[[ TASK DATA open ]]

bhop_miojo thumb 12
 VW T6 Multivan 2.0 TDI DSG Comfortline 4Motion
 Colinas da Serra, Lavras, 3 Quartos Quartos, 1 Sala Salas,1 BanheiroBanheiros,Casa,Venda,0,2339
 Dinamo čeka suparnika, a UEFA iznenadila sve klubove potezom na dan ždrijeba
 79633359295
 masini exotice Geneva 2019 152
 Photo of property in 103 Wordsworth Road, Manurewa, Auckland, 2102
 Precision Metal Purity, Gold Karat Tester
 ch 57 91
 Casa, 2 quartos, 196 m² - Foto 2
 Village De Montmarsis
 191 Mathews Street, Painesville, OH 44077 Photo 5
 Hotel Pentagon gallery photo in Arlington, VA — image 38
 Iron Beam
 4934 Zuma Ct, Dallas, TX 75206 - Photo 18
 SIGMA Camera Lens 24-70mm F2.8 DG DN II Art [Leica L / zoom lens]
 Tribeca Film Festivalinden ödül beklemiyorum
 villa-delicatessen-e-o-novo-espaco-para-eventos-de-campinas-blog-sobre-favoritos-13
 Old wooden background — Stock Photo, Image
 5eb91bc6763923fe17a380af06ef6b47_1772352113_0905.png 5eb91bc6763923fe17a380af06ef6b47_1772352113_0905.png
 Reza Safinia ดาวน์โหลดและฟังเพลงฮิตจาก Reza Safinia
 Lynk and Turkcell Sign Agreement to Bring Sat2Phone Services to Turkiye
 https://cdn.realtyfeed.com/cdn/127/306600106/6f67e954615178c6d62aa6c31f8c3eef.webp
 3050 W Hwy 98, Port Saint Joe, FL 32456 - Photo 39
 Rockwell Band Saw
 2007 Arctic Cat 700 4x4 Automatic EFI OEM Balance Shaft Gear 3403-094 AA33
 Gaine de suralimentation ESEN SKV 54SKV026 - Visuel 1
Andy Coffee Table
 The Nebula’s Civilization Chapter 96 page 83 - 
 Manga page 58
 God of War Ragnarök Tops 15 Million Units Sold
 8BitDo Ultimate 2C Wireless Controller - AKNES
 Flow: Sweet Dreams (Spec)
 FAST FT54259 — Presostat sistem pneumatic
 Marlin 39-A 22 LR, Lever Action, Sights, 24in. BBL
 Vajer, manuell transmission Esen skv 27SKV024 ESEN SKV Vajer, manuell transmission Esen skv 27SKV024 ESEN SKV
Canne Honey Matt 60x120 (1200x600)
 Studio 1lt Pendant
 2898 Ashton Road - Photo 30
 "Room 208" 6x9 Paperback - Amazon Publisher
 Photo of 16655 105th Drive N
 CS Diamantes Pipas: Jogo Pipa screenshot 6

[[ TASK DATA closed ]]

**WORK ITEM:** Gather all lines of the records that include the word "Casa".

**WORKED SOLUTION:**
 Colinas da Serra, Lavras, 3 Quartos Quartos, 1 Sala Salas,1 BanheiroBanheiros,Casa,Venda,0,2339
 Casa, 2 quartos, 196 m² - Foto 2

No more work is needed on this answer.